Savard, Félix-Antoine
Félix-Antoine Savard, priest, writer, educator (b at Québec C 31 Aug 1896; d there 24 Aug 1982). After spending his childhood and youth in the Saguenay, Savard discovered and fell in love with the Charlevoix region, which he called Québec's metaphysical county. Ordained a priest in 1922, he started teaching the humanities. He subsequently became curate of several parishes and founding curé of St-Philippe-de-Clermont. He also was active in colonizing the Abitibi region in the 1930s. During these years of pastoral work, Savard's knowledge of humanism deepened through an intensive study of Greek, Latin and French authors of the medieval and classical periods, as well as his contemporaries Mistral, Claudel and Valéry.
In 1937 MENAUD, MAITRE-DRAVEUR was published and assured Savard a place among the leading authors of his time. His novel moves like an epic poem in which symbol, image and metaphor abound; its vibrant character, a truly mythical hero, is presented against the magnificent Charlevoix landscape and the cyclical unfolding of the seasons, and his suffering and tragic end provide a grave and urgent warning to future generations.
From the 1940s Savard was closely associated with Laval. Dean of its Faculty of Arts for 7 years, he taught literature and played an important role in FOLKLORE discoveries and research.
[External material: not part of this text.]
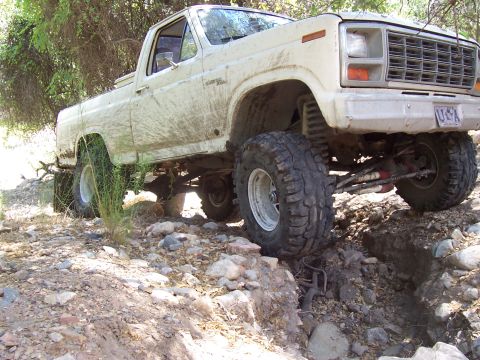 1981 Ford F-150 - Photo does this no justice
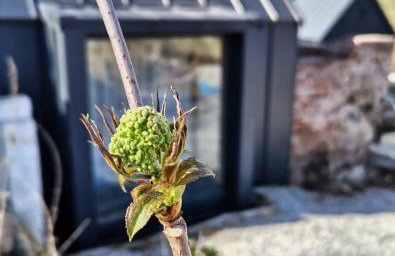 Wiejska Sowa Siedlisko - Domki w Górach Sowich - Foto 21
He was elected to the RSC in 1945 and to the Académie canadienne-française in 1954. A masterful and often highly controversial speaker, Savard spent most of his active retirement in his chosen region of St-Joseph-de-la-Rive, in Charlevoix. Savard devoted his life to writing. He published 3 collections, mainly composed of poetry and prose: L'Abatis (1943), Le Barachois (1959), Le Bouscueil (1972); 2 plays, La Folle (1960) and La Dalle-des-morts (1965), and narrative works in the form of short stories and parables, eg, La Minuit (1948) and Martin et le pauvre (1959). He also was the author of personal notebooks, journals and memoirs in which, while he promotes and defends keeping faith with sacred national traditions, he reveals himself to be an artist in words, a sculptor of form, always searching for new images and finding pleasure in the language.
But it is Menaud, maître-draveur, a work that took 30 years to complete, that firmly established his literary renown. It was published in 5 versions (3 of which are distinctly different). It remains a fine example of a patiently crafted, successful literary work.